When copying the data below, keep only the lines from the one with "vidaXL Božično drevo" through the one with "Yellow gold Fancy", word for word, and skip the pictures.

Provided records.
▼▼▼

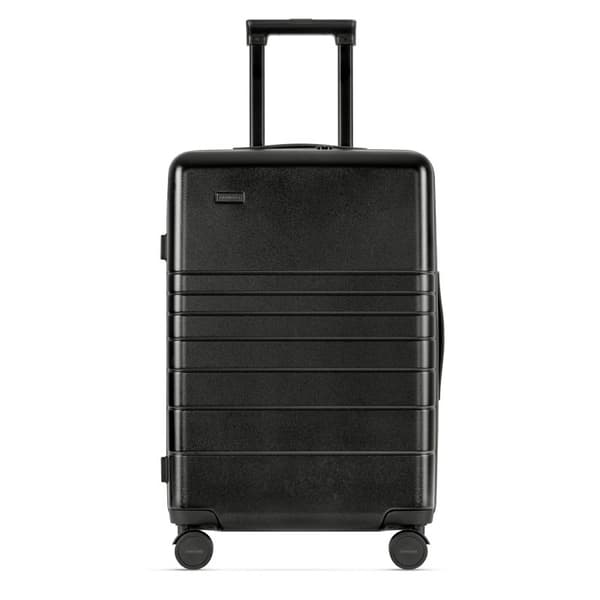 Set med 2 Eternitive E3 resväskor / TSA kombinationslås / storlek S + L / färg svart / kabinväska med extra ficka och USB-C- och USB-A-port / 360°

▲▲▲
▼▼▼

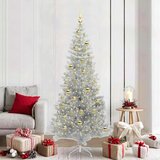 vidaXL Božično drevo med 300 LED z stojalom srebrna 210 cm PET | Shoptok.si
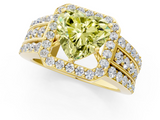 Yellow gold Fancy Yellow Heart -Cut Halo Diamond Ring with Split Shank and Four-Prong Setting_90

▲▲▲

Solution to this problem.
 vidaXL Božično drevo med 300 LED z stojalom srebrna 210 cm PET | Shoptok.si
 Yellow gold Fancy Yellow Heart -Cut Halo Diamond Ring with Split Shank and Four-Prong Setting_90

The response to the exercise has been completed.